ROMA - L’Union Jack è stata ammainata a Bruxelles: il Regno Unito è ufficialmente fuori dall’Unione Europea. In un mondo che pone sempre più barriere e confini, ora se ne dovrà creare un altro in un’Europa sempre più divisa. Il “Brexit Day” è giunto.
LA FINE - Si è chiusa, così, una pagina di storia lunga quasi mezzo secolo, dal 1973 a oggi. Il rumore di fondo è quello del boato della folla festante a Londra che con un countdown segna «l’alba di una nuova era» come definita dal premier Boris Johnson.
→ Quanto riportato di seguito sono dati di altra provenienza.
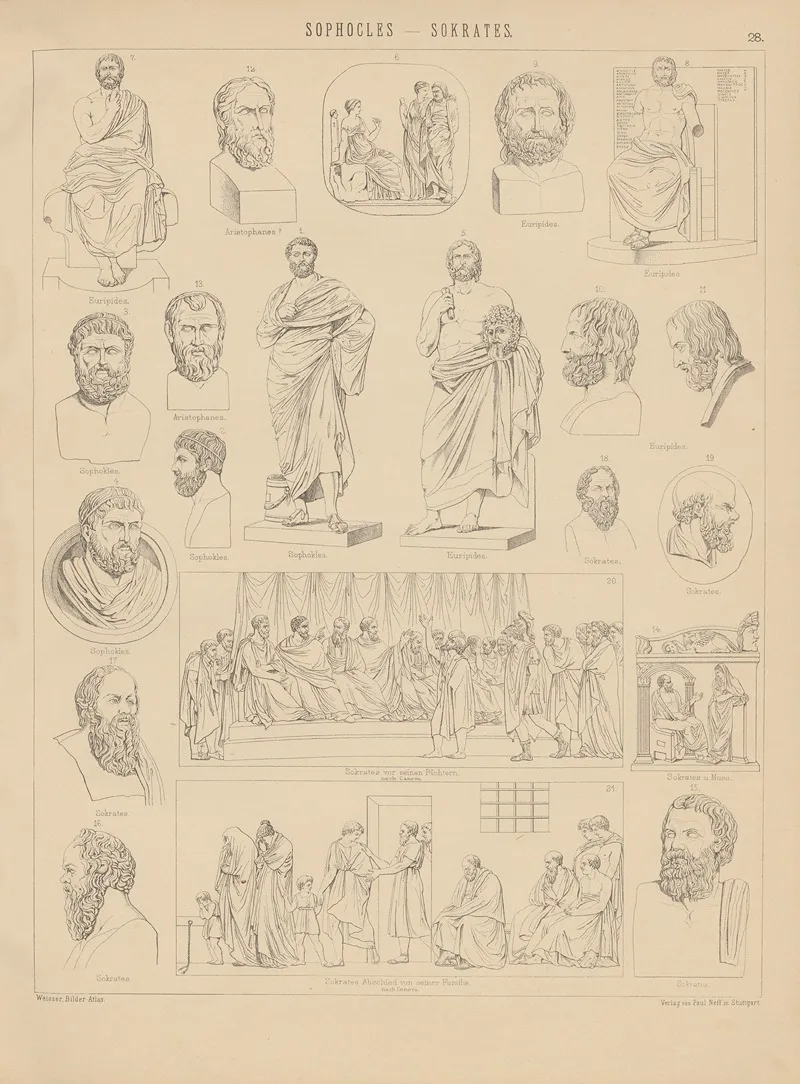 Bilder Atlas Zur Weltgeschichte Pl 028 Wall Art by Ludwig Weisser - High-Resolution Digital Print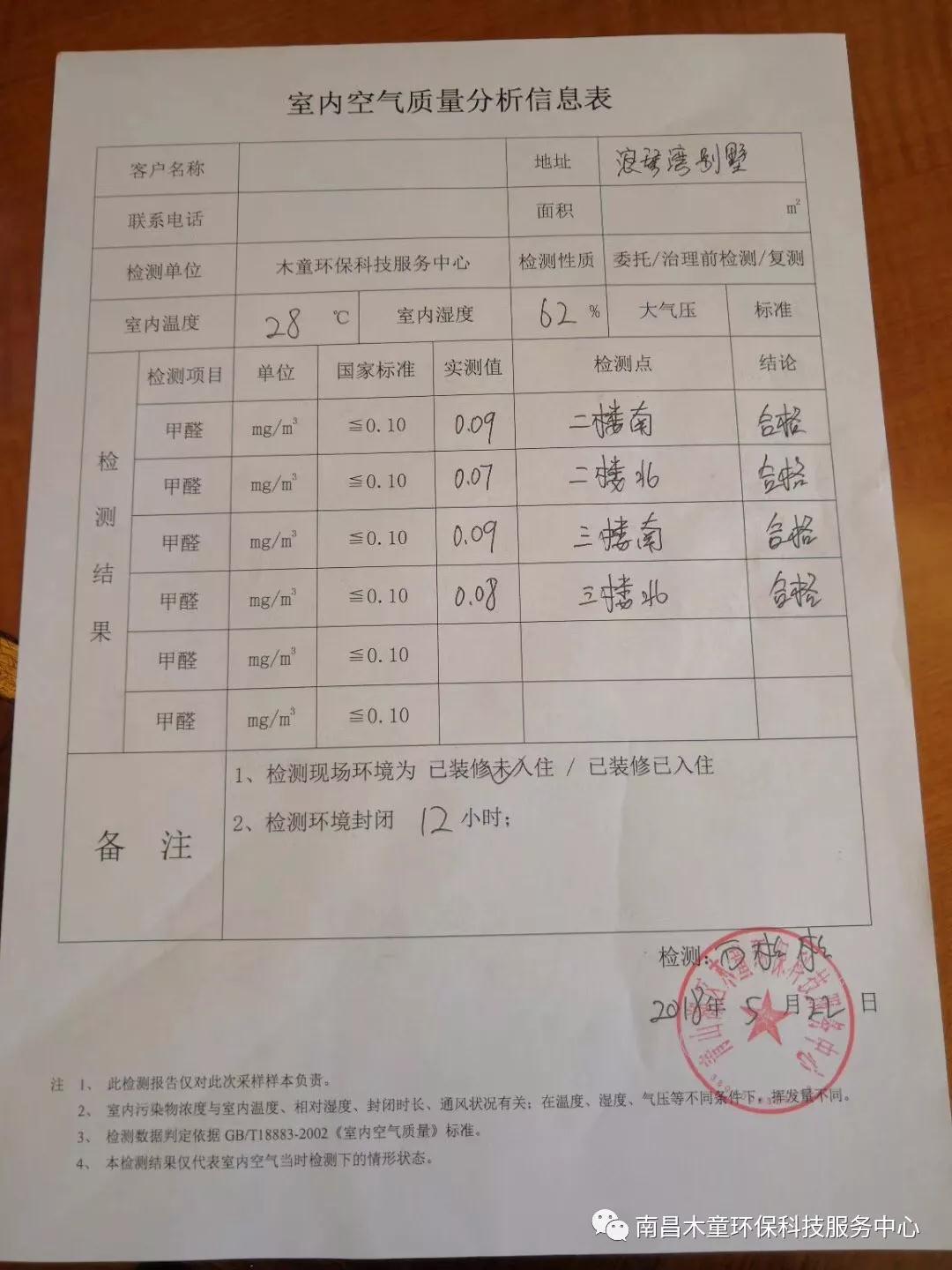 檢測(cè)數(shù)據(jù)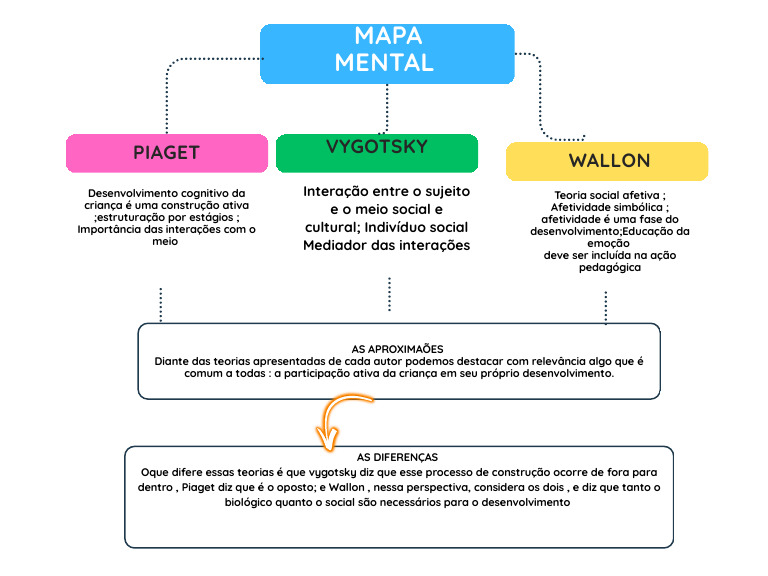 Mapa Mental Vigotsky Wallon e Piaget | PDF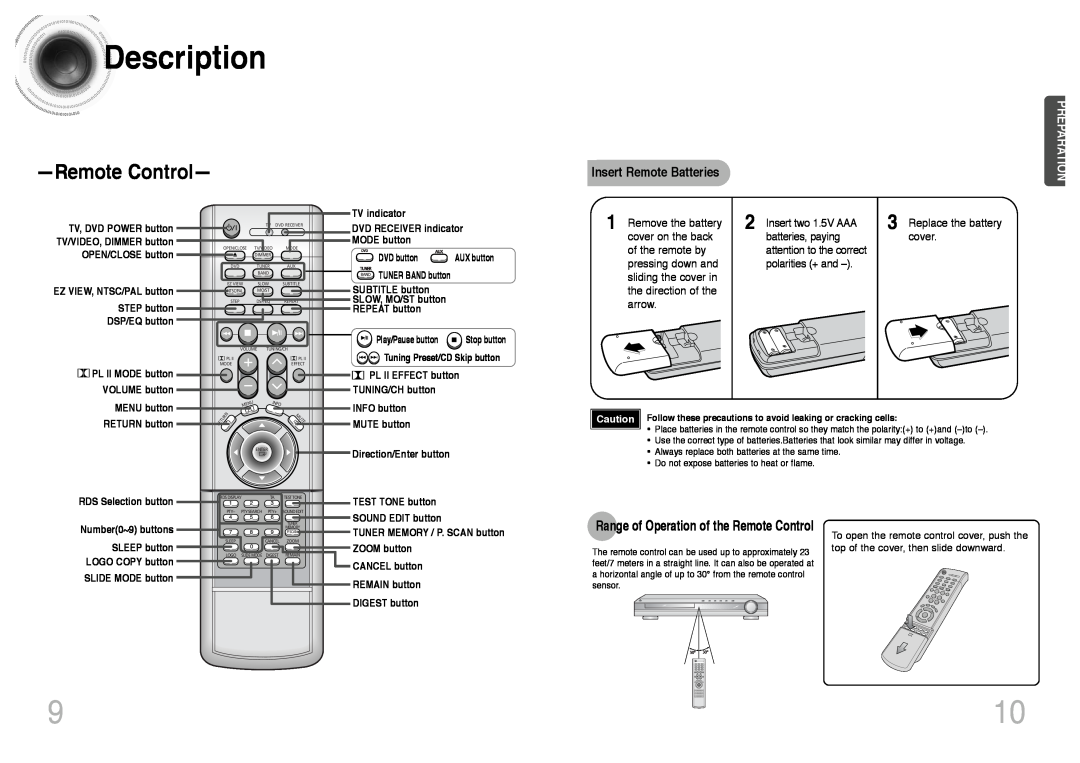 Samsung HT-DS420RH/XFO, HT-DS400 Remote Control, Insert Remote Batteries, Remove the battery, Insert two 1.5V AAA, cover 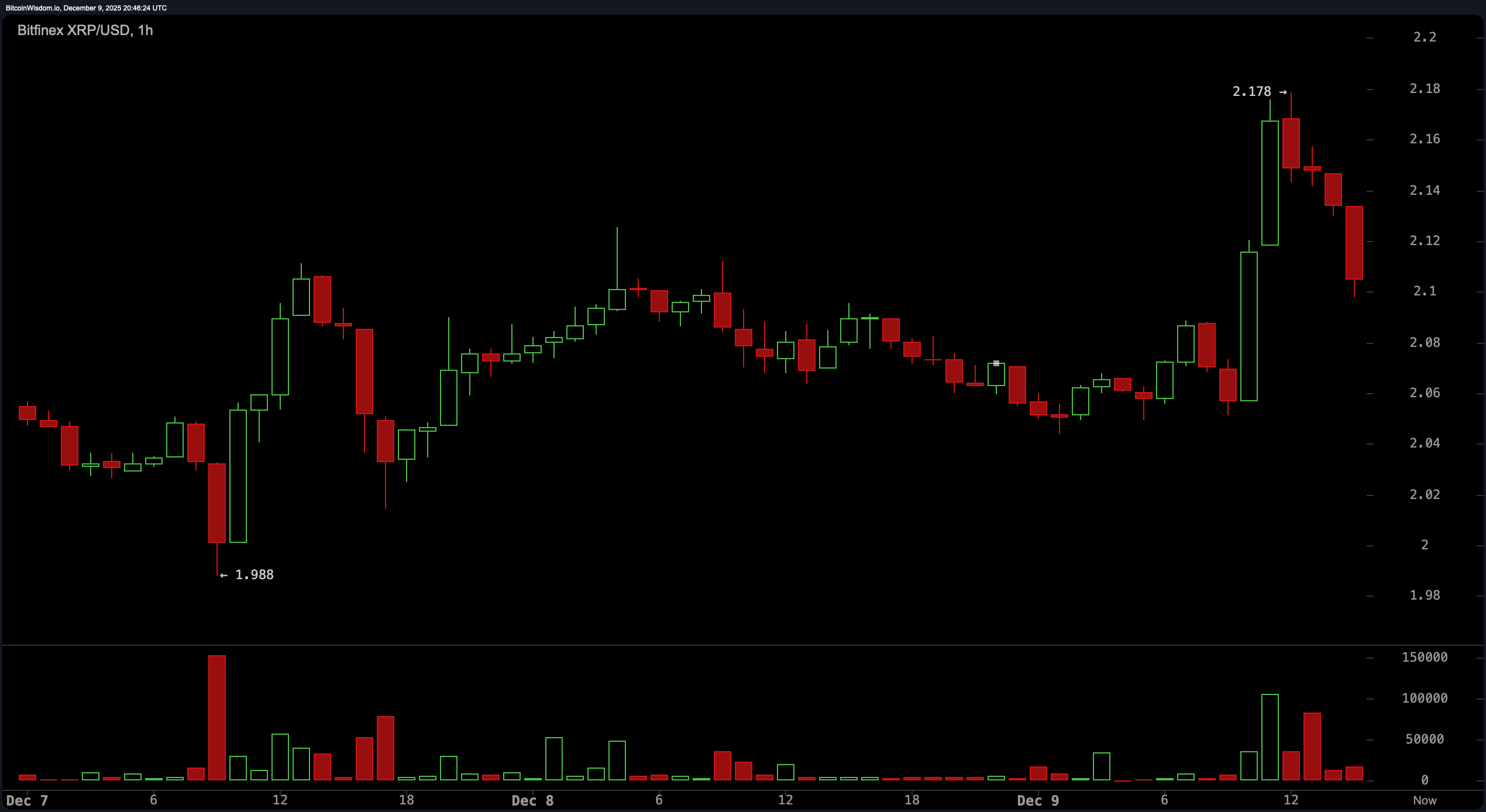 Az XRP ára megállt a senkiföldjén—kitörés vagy összeomlás közelít? Az XRP ára megállt a senkiföldjén—kitörés vagy összeomlás közelít?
A contrapporre le urla festanti, il dolore di un’altra parte di popolo che questo epilogo non lo avrebbe voluto.
IL PREMIER - Nei libri di storia rimarranno impresse le parole di uno dei grandi rappresentanti di questi anni, l’attuale Primo Ministro Boris Johnson che, ottimista, richiama all’unità del Paese. La scelta dell’addio è stata «sana e democratica», sancita per «due volte dal giudizio del popolo». Ha, quindi, spronato i cittadini a «scatenare il potenziale» di una nazione che ora deve riprendersi in mano il proprio destino. Una nazione che ha bisogno, in questo momento, di tanto ottimismo per combattere le proprie incertezze.
LA LACERAZIONE - Se Johnson punta all’unità, c’è chi già richiama alla secessione. Dalla Scozia, infatti, c’è chi vorrebbe proporre un nuovo referendum per uscire dal Regno Unito e rientrare in Europa. Nicola Ferguson Sturgeon, primo ministro scozzese, ha già dichiarato che la Scozia tornerà alle urne per sancire il proprio destino che potrebbe allontanarsi da quello della vicina Inghilterra. La storia di Brexit, quindi, potrebbe conoscere un nuovo capitolo, quello che potrebbe portare a un nuovo divorzio, che stavolta potrebbe essere ancora più doloroso.